Home prices have been shooting up for years — and at a steeper rate than they did ahead of the 2008-era Great Recession — and they're primed to keep on rising.
The think tank American Enterprise Institute found that home prices appreciated at a national average of 12.1% in January. That percentage, AEI estimated, could increase to 14% in the spring. "Home prices are responding to sharply lower interest rates and the lower months' remaining inventory for new and existing homes," said Ed Pinto, the director of AEI's housing center.
The median price of homes sold in February hovered around $313,000, a 15.8% year-over-year increase, NAR reported. They're getting snatched up fast too: Properties also typically sold within 2o days of listing — a record low.
"Sales easily could have been 20% higher if there had been more inventory and more choices," Lawrence Yun, NAR's chief economist, said.
That leaves today's house hunters touring the few properties for sale that are likely overpriced and that may not tick all their boxes.
Many don't even see homes they're buying in person because of the time crunch. A recent Redfin report found that more than half of homebuyers last year — a whopping 63% — made offers on properties sight unseen, painting an even more competitive picture of the market.

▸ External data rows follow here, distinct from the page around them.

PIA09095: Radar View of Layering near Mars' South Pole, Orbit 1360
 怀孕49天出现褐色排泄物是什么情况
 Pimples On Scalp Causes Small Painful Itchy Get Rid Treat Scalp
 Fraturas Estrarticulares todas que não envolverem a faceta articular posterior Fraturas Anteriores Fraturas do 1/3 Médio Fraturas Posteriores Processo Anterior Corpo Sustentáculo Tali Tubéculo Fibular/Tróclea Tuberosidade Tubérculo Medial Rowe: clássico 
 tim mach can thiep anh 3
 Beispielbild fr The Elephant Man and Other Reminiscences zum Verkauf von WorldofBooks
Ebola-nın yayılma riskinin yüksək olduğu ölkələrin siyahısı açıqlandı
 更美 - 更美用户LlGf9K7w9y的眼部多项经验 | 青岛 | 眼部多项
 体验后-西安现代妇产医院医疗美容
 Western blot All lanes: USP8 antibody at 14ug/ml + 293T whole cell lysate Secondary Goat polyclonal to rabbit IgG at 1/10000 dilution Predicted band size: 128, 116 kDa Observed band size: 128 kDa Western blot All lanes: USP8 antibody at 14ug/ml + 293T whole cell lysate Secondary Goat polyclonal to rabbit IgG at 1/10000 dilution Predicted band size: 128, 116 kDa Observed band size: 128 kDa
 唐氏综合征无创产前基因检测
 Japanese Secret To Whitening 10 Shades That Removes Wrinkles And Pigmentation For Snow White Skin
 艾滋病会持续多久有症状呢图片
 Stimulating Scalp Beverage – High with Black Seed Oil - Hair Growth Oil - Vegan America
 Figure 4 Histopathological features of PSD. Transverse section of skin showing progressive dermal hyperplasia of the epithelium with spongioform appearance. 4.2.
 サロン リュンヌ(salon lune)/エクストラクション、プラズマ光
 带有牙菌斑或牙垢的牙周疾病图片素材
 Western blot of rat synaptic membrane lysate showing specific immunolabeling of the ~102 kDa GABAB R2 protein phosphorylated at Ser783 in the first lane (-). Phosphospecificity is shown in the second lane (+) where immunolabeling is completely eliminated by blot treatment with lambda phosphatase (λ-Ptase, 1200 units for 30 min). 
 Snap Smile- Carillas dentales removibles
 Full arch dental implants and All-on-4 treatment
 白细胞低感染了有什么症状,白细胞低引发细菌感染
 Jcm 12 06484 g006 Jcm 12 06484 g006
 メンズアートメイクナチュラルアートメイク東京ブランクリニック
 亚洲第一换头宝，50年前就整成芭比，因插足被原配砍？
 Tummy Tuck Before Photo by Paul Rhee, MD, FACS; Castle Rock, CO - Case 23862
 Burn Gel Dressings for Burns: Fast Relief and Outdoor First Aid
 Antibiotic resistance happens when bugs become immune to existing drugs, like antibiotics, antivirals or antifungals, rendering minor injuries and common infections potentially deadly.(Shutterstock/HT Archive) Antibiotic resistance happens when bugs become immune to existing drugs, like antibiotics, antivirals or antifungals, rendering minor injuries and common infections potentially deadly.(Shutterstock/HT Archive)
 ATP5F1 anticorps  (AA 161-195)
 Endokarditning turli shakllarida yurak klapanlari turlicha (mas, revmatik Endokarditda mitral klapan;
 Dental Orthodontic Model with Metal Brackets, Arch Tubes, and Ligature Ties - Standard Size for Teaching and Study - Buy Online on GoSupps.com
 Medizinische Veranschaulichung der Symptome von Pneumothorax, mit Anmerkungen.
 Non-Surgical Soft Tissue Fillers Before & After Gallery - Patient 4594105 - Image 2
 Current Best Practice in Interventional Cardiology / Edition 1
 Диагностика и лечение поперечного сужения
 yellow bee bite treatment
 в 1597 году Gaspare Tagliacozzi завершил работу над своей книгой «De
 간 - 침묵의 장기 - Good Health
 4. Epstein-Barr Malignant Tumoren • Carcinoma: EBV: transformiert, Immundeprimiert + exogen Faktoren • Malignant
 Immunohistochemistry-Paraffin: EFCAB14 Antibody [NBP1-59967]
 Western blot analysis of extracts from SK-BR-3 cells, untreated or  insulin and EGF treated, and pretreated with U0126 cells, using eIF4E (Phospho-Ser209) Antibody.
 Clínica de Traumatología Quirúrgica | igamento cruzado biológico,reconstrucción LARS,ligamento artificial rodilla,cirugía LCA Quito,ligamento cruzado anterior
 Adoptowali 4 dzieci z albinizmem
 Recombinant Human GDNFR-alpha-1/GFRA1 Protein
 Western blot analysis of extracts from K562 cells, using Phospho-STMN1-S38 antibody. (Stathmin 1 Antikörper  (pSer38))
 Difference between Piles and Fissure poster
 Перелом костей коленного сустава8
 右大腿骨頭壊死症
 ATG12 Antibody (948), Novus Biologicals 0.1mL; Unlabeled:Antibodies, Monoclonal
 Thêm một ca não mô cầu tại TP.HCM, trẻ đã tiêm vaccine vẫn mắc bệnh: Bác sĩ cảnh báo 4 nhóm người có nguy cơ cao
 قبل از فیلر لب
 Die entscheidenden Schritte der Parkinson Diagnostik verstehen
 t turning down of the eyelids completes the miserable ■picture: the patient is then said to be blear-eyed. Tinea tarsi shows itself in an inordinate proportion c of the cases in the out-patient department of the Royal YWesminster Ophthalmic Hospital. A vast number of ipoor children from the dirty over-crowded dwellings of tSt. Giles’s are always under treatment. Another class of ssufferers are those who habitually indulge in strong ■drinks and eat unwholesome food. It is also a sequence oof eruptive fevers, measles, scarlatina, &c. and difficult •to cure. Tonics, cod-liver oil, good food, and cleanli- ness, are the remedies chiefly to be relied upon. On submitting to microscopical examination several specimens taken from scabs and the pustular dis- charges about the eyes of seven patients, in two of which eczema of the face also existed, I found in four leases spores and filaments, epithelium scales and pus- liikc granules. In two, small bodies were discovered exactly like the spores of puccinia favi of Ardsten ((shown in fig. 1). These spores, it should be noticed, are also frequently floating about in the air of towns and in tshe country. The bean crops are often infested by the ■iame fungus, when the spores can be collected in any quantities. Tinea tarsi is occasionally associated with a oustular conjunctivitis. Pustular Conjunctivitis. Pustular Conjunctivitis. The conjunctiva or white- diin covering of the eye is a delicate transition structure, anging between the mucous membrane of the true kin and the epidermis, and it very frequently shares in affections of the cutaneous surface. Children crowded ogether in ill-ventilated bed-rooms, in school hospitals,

"Buyers have learned that if they aren't aggressive enough one week, they will have to bid higher on a home that's listed the following week," Redfin's chief economist, Daryl Fairweather, said.
It's risky. The higher prices mean that people lose out on any additional buying power afforded by lower mortgage rates. And if Americans keep spending more money than they budgeted on whatever few homes happen to be for sale without ever seeing them in person, they could be setting themselves up for disappointment.
The best course of action could be to steer clear of the market until it simmers down.
That's what Liz Knueven, a personal-finance reporter at Insider, decided to do last year when house-hunting in Ohio.
"One recently renovated home I loved in Cincinnati's Silverton neighborhood — a fairly quiet market compared to more up-and-coming neighborhoods — didn't even stay on the market for a full weekday. When I found it listed on Zillow on Monday morning, the home already had a full day of showings booked," she wrote. Knueven added, "It's made for a competitive environment in Cincinnati, and likely the rest of the US, too."
She concluded, "I'm willing to wait."
House-hunting hopefuls such as Knueven can prepare to buy by establishing an emergency fund, determining how much to budget, and getting preapproved for a mortgage.
That way, Trench said, they're ready to "act when the right property hits the market."
Be warned, it might take quite some time.